Find the line with "Essence Rouge A" in the entries below, then output every line from it down to the line with "-10:09 min/mi", exactly and with no pictures.

RECORDS SUPPLIED ▸
"""

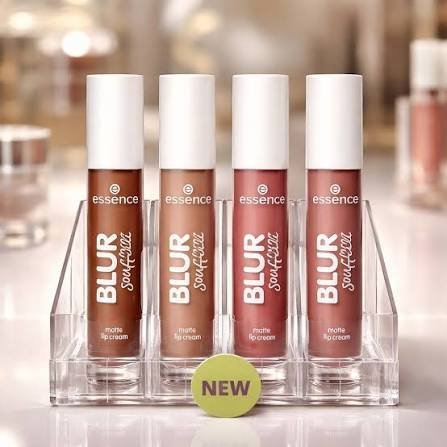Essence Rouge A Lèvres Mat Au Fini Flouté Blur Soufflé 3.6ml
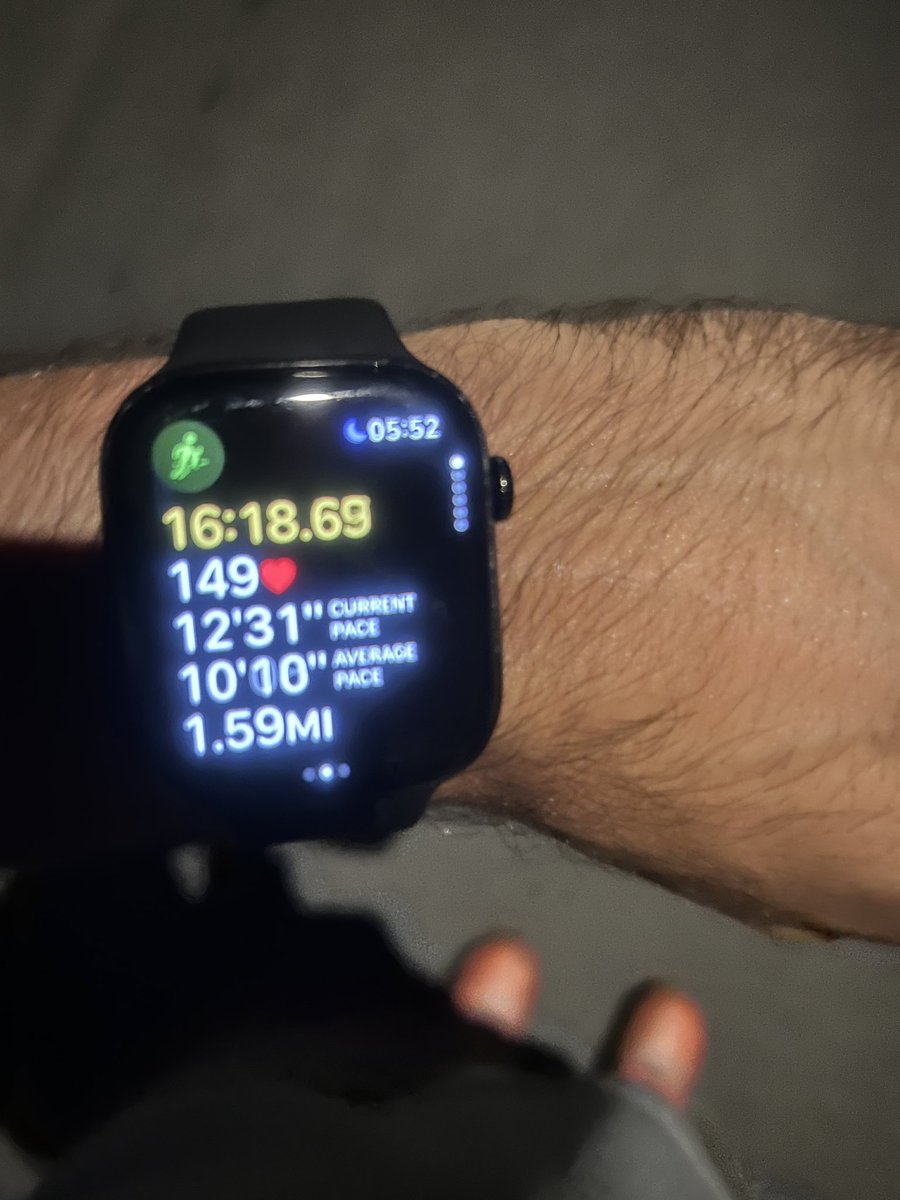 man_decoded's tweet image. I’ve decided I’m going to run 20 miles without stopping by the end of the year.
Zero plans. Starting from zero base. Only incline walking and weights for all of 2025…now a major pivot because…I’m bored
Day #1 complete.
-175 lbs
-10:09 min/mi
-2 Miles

"""
"""

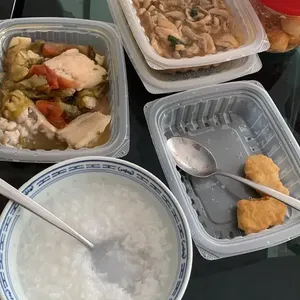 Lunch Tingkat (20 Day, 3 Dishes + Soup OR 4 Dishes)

"""

RESPONSE AREA ▸
Essence Rouge A Lèvres Mat Au Fini Flouté Blur Soufflé 3.6ml
 man_decoded's tweet image. I’ve decided I’m going to run 20 miles without stopping by the end of the year.
Zero plans. Starting from zero base. Only incline walking and weights for all of 2025…now a major pivot because…I’m bored
Day #1 complete.
-175 lbs
-10:09 min/mi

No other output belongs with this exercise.